This suit was begun in the justice court on a policy of insurance for $200 which had been taken out to cover the loss by fire on a Chevrolet car. The case reached the circuit court on appeal and there a judgment was rendered for the defendant, from which an appeal is brought to this court.

The sole question to be determined here is, did the plaintiff have an insurable interest in the automobile at the time the policy was issued and at the time of the fire? If it be determined that he had, then the plaintiff should recover, and if he had no insurable interest then the judgment of the trial court must be affirmed.

The facts of the case are: On December 22, 1922, one S.G. Robertson was the owner of the automobile which is the subject of the insurance. He had paid the premium for a $200 policy of insurance to defendant's agent but the policy had not been delivered. On December 22, 1922, Robertson sold the automobile to the plaintiff and the policy, instead of being issued to Robertson, was made directly to the purchaser of the car, the plaintiff. On December 22nd, Robertson delivered to the plaintiff the policy sued on, the certificate of title which had been issued to him by the Secretary of State, a bill of sale which gave the purchaser and seller's name and address, set forth the consideration paid for the car, and described the car in the exact words and figures as it is described in the face of the State certificate, covenanted that it was free from encumbrance and that he had a legal right to dispose of same, and contained a warranty to defend the title against all claimants. The bill of sale was signed by S.G. Robertson; it was not acknowledged. On the 23nd day of December, 1922, the car burned, and after some negotiation with the insurance adjuster, liability was denied on the ground that the seller, S.G. Robertson, and the purchaser, J.P. Howell, had not conformed to the requirements of the law as set forth in the chapter on motor vehicles, found on page 76, Session Acts 1921, extra session, and particularly that portion of the law which relates to the transfer of cars and the certificates of title, found on page 90, which provides, among other things: "In the event of a sale or transfer of ownership of a motor vehicle or trailer for which a certificate of ownership has been issued, the holder of such certificate shall endorse on the same an assignment thereof, with warranty of title in form printed thereon, and prescribed by the commissioner, with a statement of all liens or encumbrances on said motor vehicle or trailer, and deliver the same to the buyer at the time of the delivery to him of said motor vehicle or trailer." Then follows the requirements of the buyer to present the certificate to the commissioner, pay $1, who shall, if everything is in proper form, issue a new certificate. The act also provides that the commissioner shall retain the old certificate as a record in his office, properly indexing the same, making it possible to trace the ownership of the motor vehicle described in the certificate.

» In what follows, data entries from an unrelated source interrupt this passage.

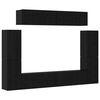 vidaXL TV szekrény garnitúra 8 pcs Musta tammi 80 x 30 x 30.5 cm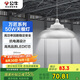 公牛（BULL）高亮led工礦燈廠房工廠車間倉庫超市吊燈照明50W萬匠天棚燈6500K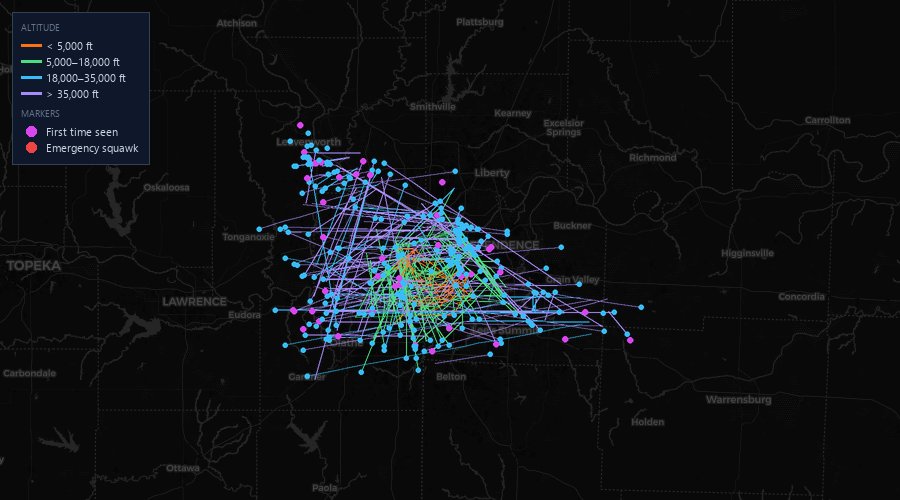 Flight map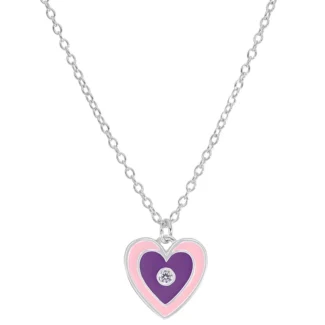 Collar de plata Marea Jewels Corazón Esmalte D03607/AX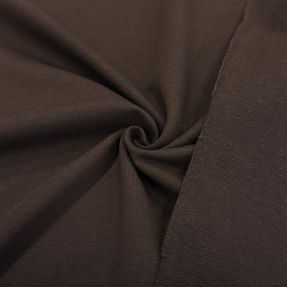 Sweat fabric dark chocolate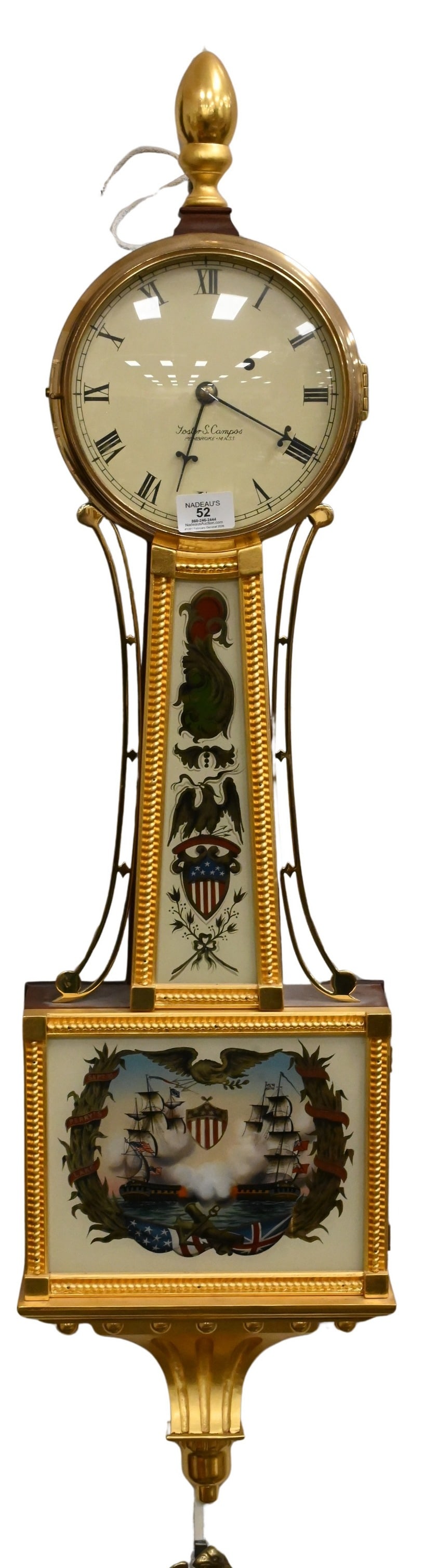 Foster Campus Federal Style Gilt Presentation Banjo Clock (1 of 5)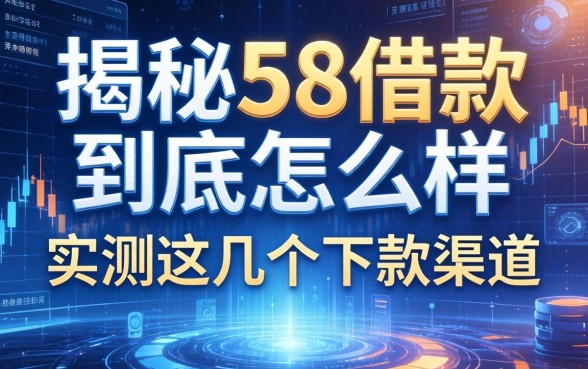 揭秘58借款到底怎么样，实测这几个下款渠道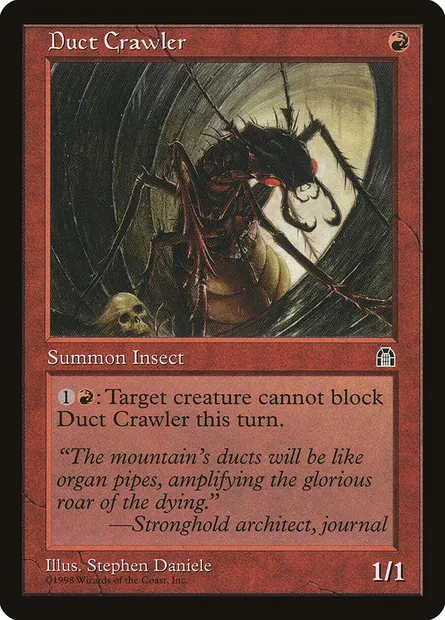 Duct Crawler, Magic card STH 79 — Stronghold set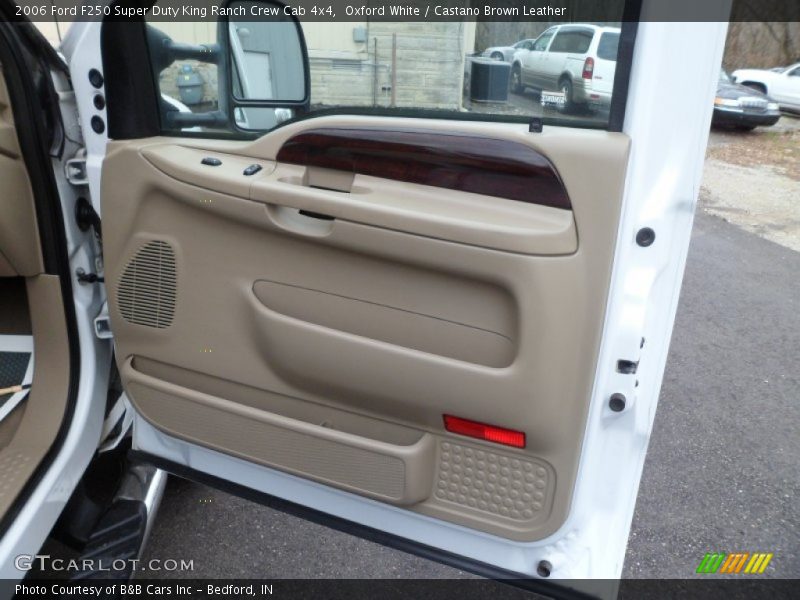 Oxford White / Castano Brown Leather 2006 Ford F250 Super Duty King Ranch Crew Cab 4x4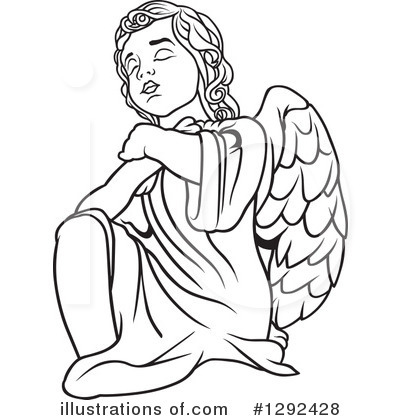 Royalty-Free (RF) Angel Clipart Illustration by dero - Stock Sample #1292428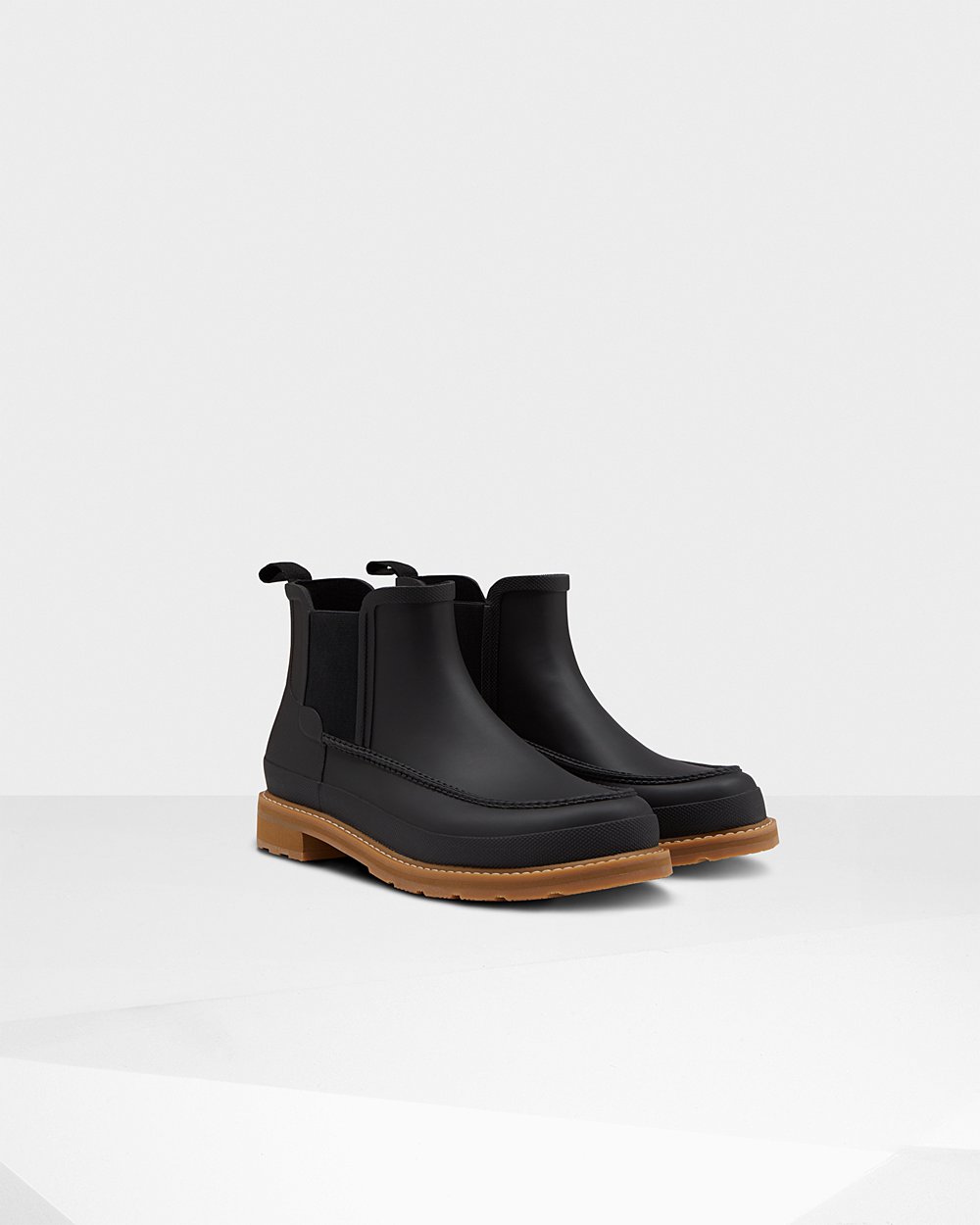 Chelsea Boots Heren - Hunter Original Moc Toe - Zwart - 05ADYFVUB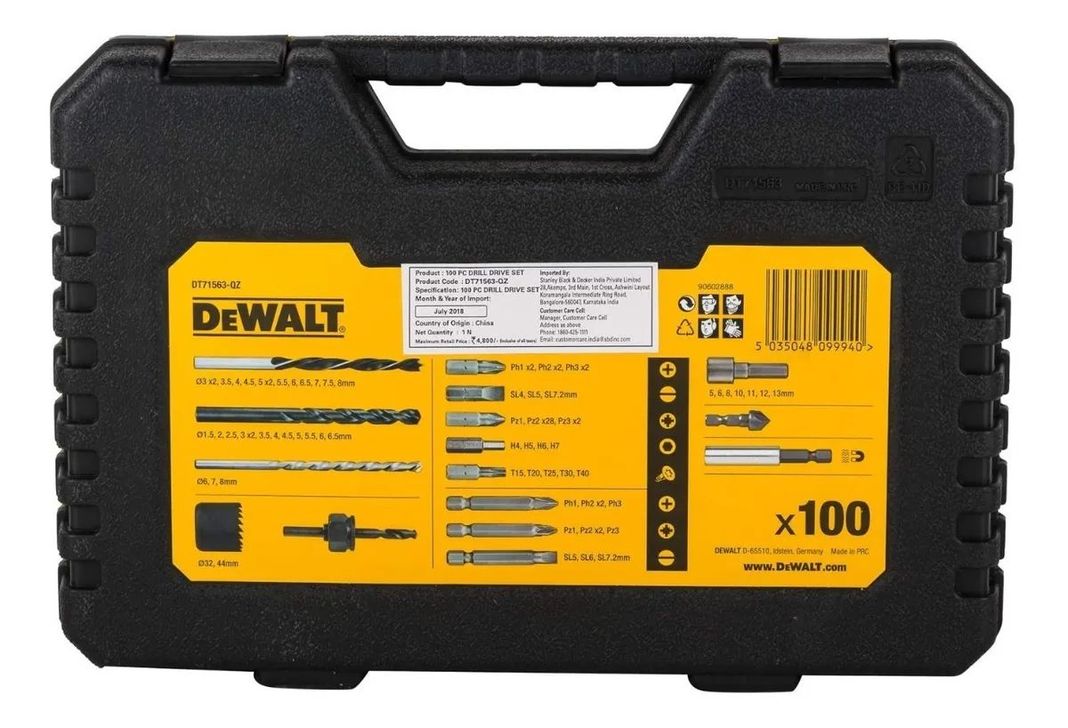 Set 100 Piezas Para Taladrar Y Atornillar Dewalt Dt71563-qz-6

It is further provided: "Four months after this law takes effect and thereafter, it shall be unlawful for any person to buy or sell in this State, any motor vehicle or trailer registered under the laws of this State, unless, at the time of the delivery thereof, there shall pass between the parties such certificate of ownership with an assignment thereof, as herein provided, and the sale of any motor vehicle or trailer registered under the laws of this State, without the assignment of such certificate of ownership, shall be fraudulent and void." The law further provides that "the commissioner shall determine the form in which application for such certificate of ownership and the assignment shall be made, in case forms differing from those used for individuals are, in his judgment, reasonably required."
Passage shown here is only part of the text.